Just compressing video files, you can compress audio files using -ab flag in order to save some disk space.

Let us say you have an audio file of 320 kbps bitrate. You want to compress it by changing the bitrate to any lower value like below.

$ ffmpeg -i input.mp3 -ab 128 output.mp3
The list of various available audio bitrates are:


7. Removing audio stream from a media file

If you don’t want to a audio from a video file, use -an flag.

$ ffmpeg -i input.mp4 -an output.mp4
Here, ‘an’ indicates no audio recording.

The above command will undo all audio related flags, because we don’t audio from the input.mp4.
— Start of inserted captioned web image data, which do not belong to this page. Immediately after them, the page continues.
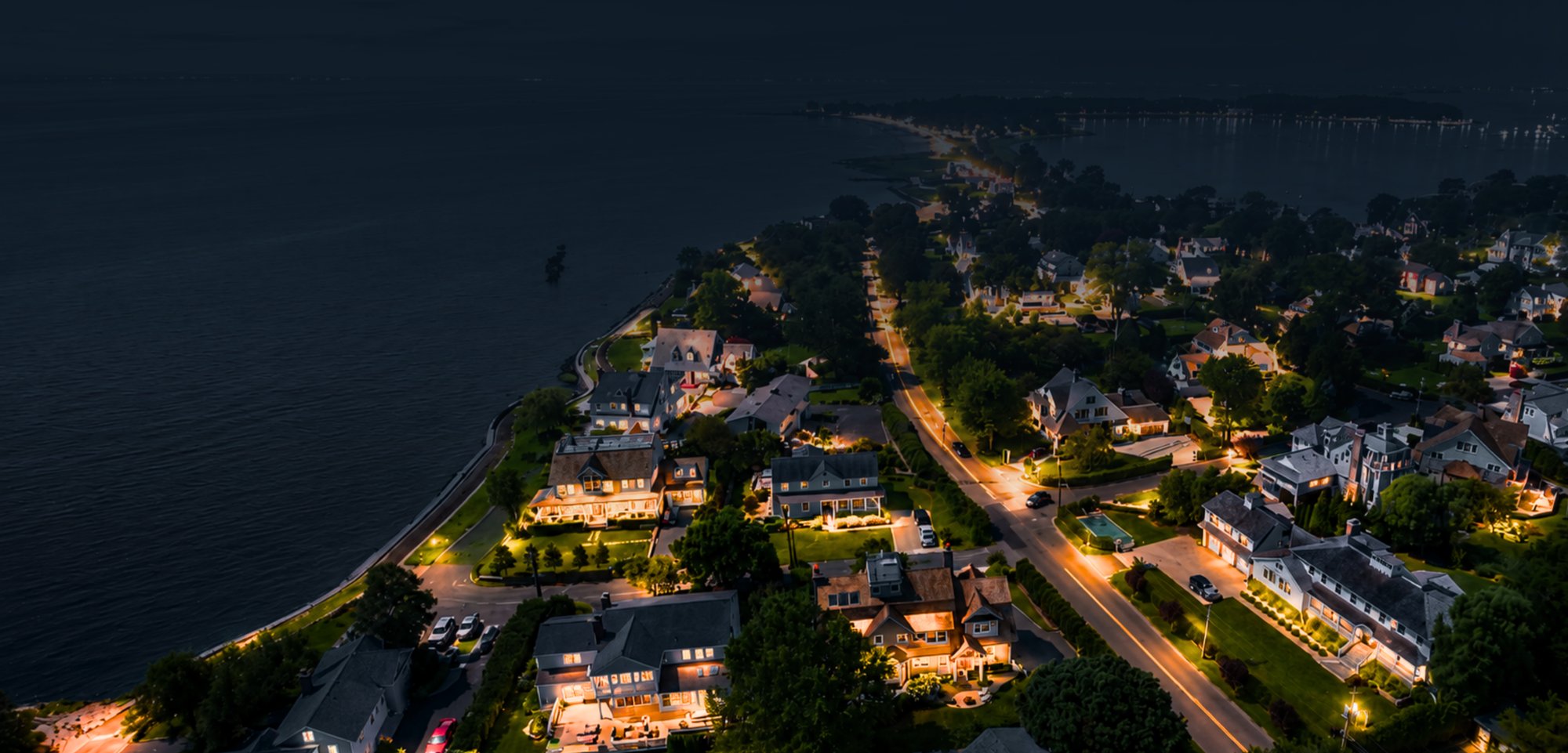 Aerial view of Greenwich, Connecticut at night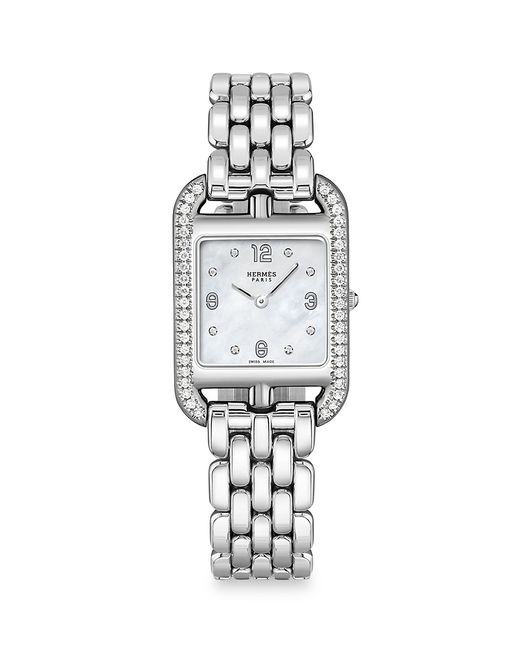 Hermès Cape Cod Stainless Diamond Bracelet Watch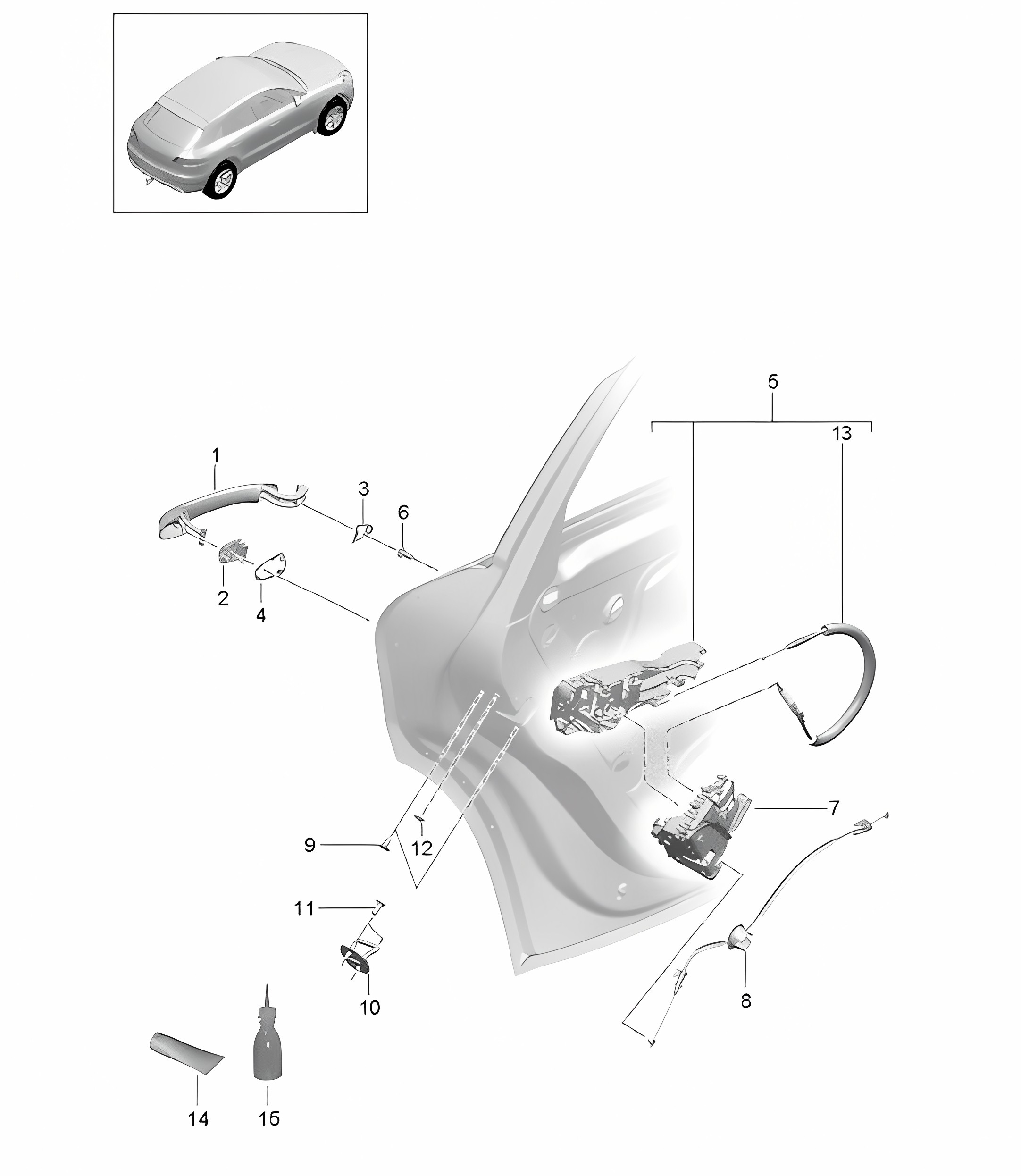 Door handles / Door lock - REAR - 95B.1 Macan 2014-18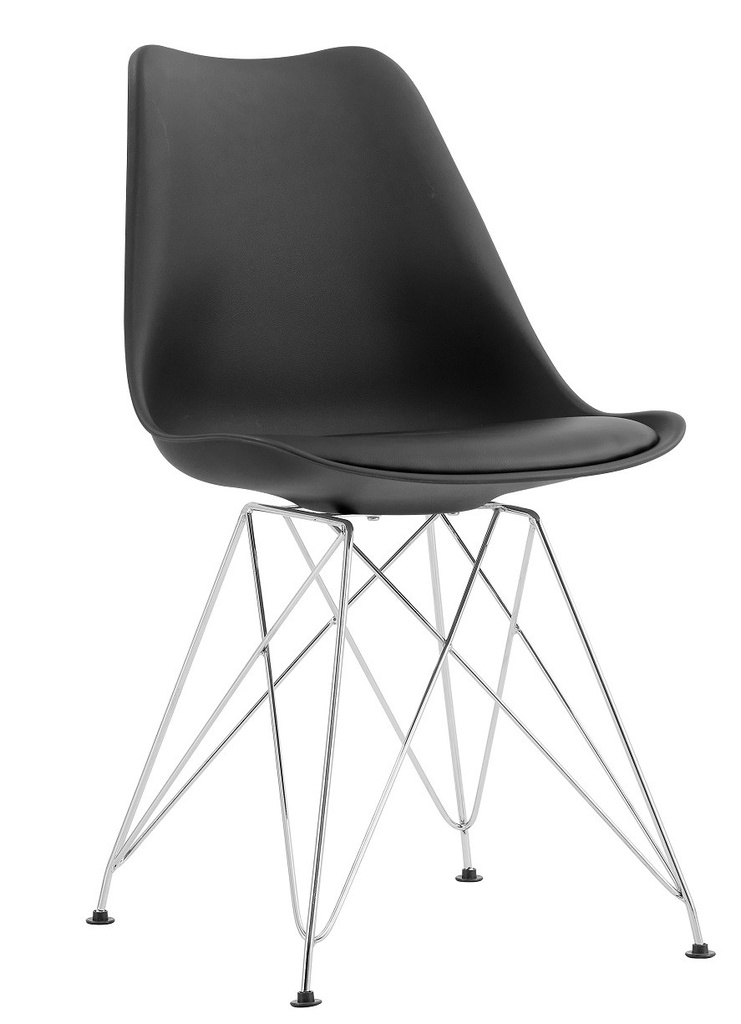 Silla BELLA (SU), cromada, carcasa y cojín negro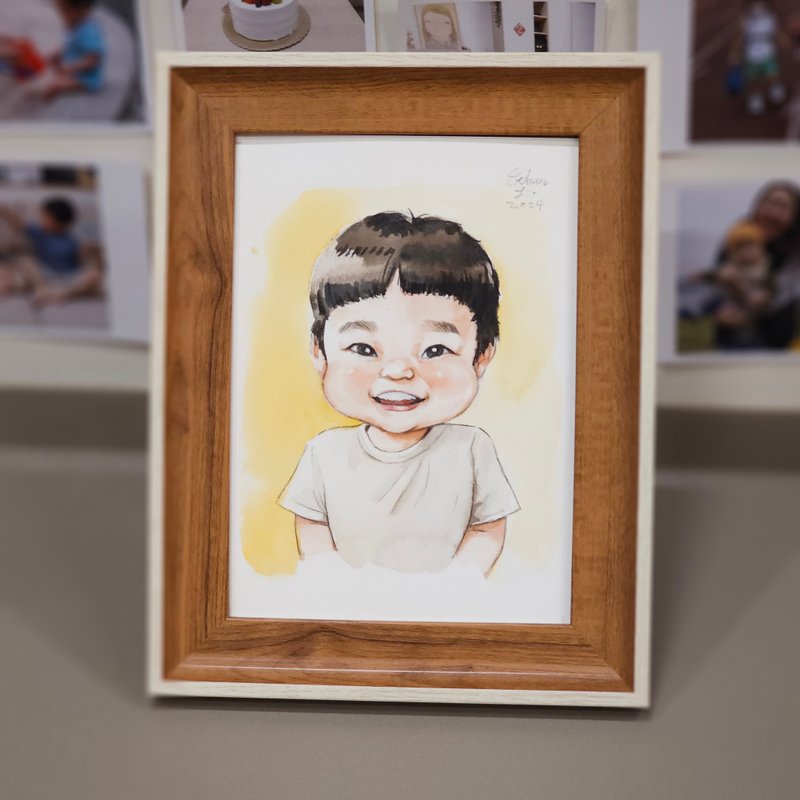 【伊森肖像畫】BABY/親子/家庭人像畫似顏繪 (7吋/相框需另購) - 喜帖 - 紙 白色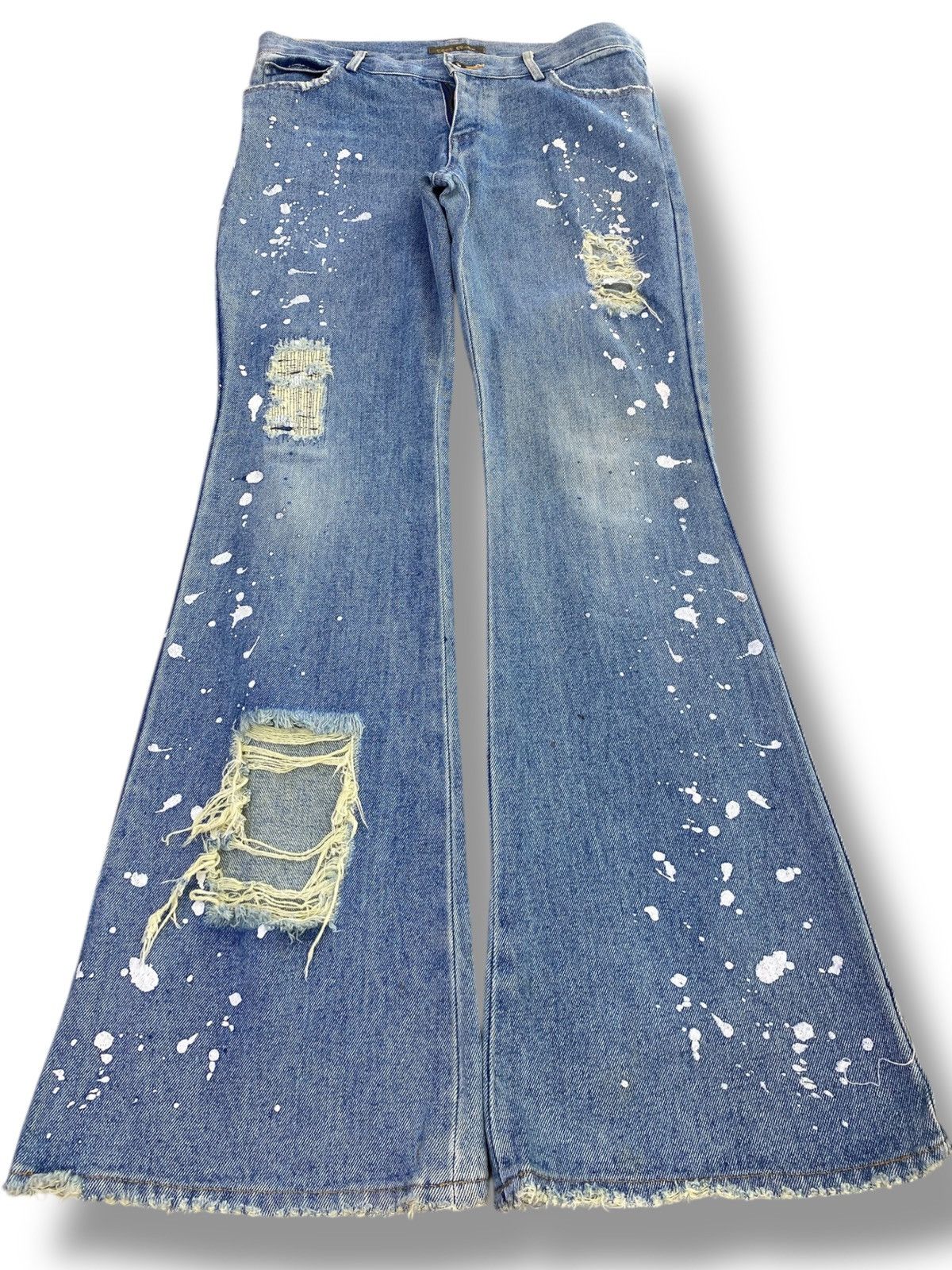 Japanese Brand Japanese Brand Ripped Paint Platter Style Flare Jeans Size US 30 / EU 46 - 1 Thumbnail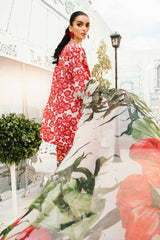 Maria B MPrint MPT-2606-B | Red & White (flower)- Lawn With Chiffon Dupatta Collection
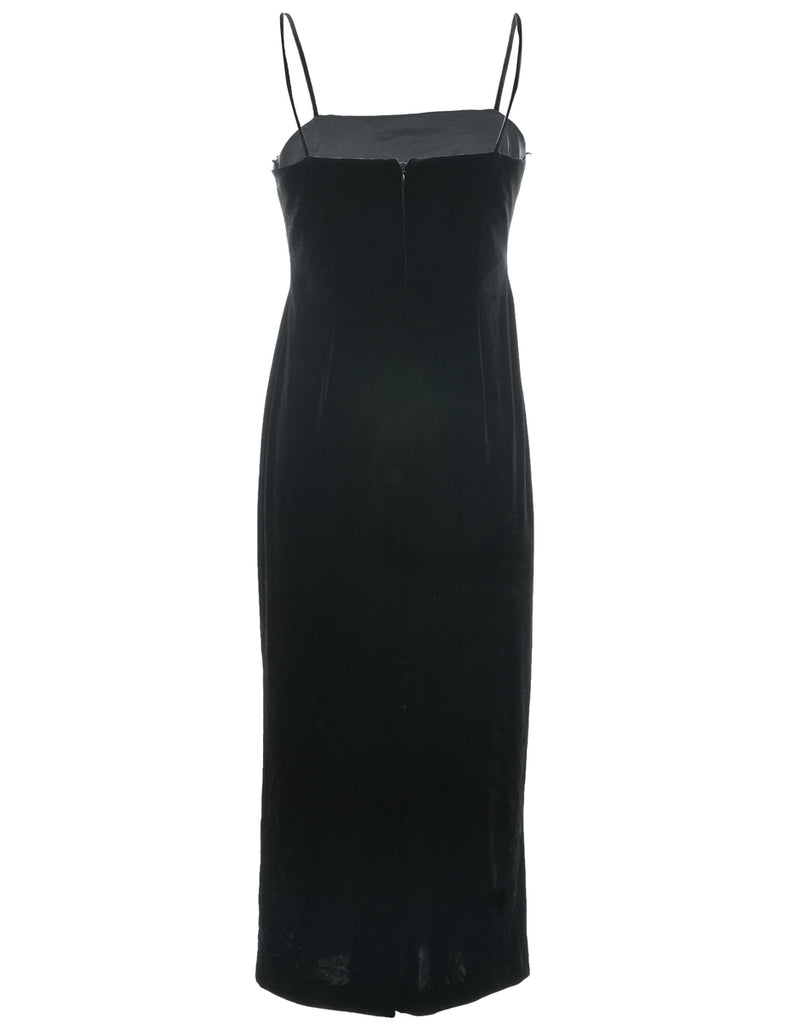 Velvet Embellished Evening Dress - S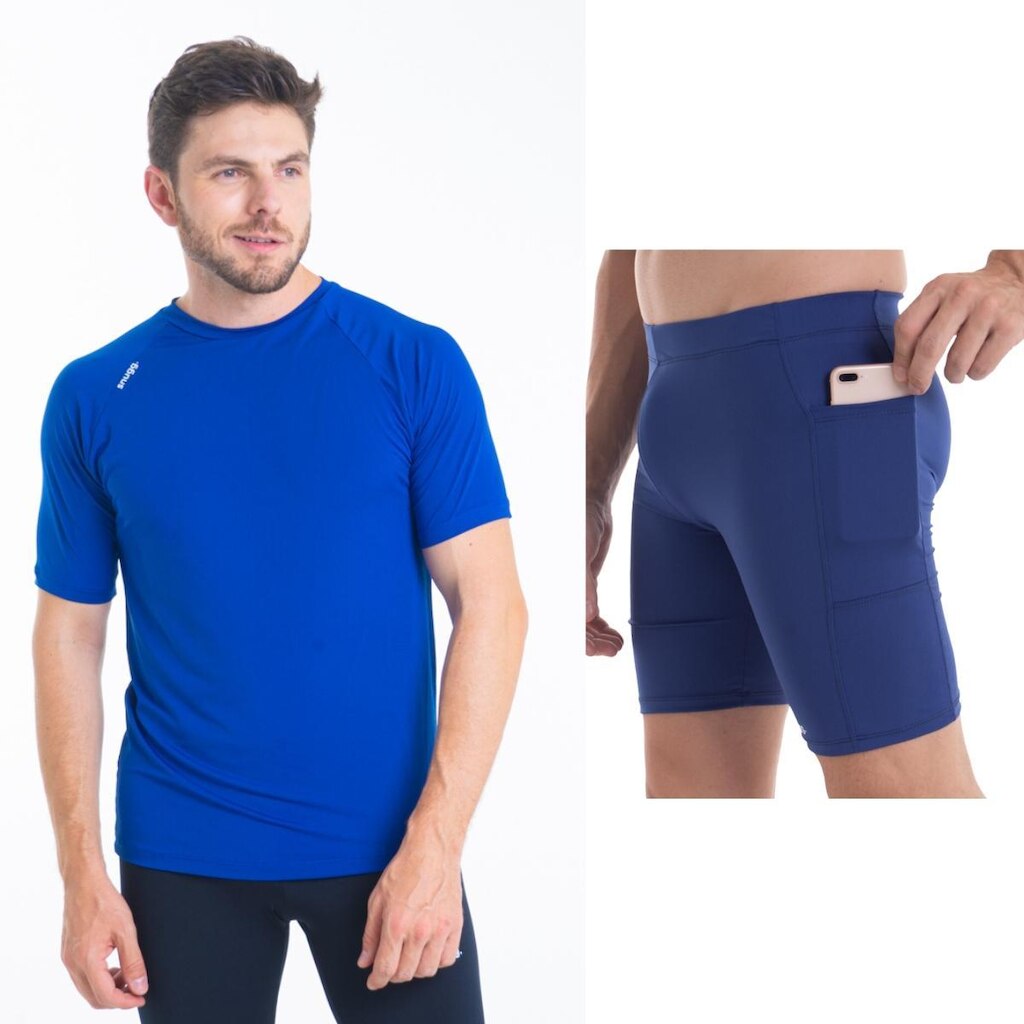 Conjunto Camiseta Curta e Bermuda com Bolso Segunda Pele Snugg Proteção UV50+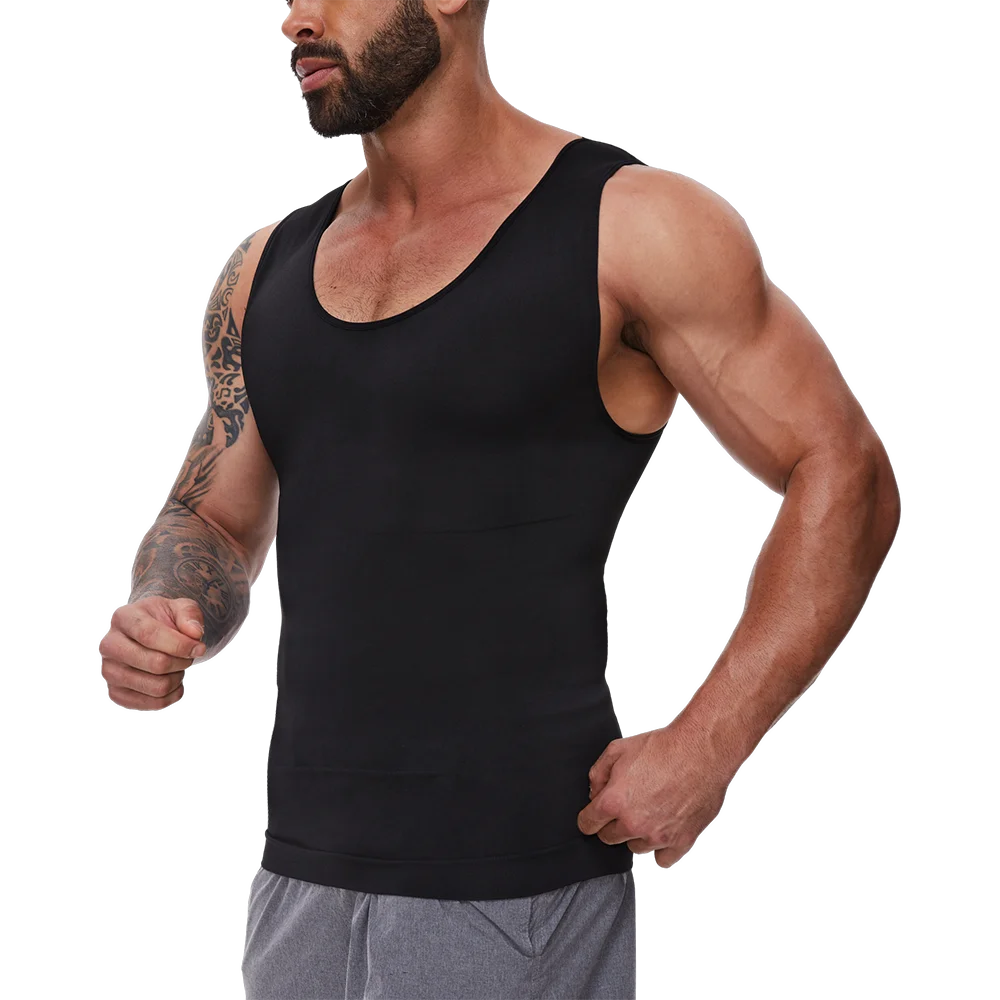 Black tummy control vest with scoop neck, three-quarter side view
8. Removing video stream from a media file

Similarly, if you don’t want video stream, you could easily remove it from the media file using ‘vn’ flag. vn stands for no video recording. In other words, this command converts the given media file into audio file.

The following command will remove the video from the given media file.

$ ffmpeg -i input.mp4 -vn output.mp3
You can also mention the output file’s bitrate using ‘-ab’ flag as shown in the following example.

$ ffmpeg -i input.mp4 -vn -ab 320 output.mp3

9. Extracting images from the video

Another useful feature of FFmpeg is we can easily extract images from a video file. This could be very useful, if you want to create a photo album from a video file.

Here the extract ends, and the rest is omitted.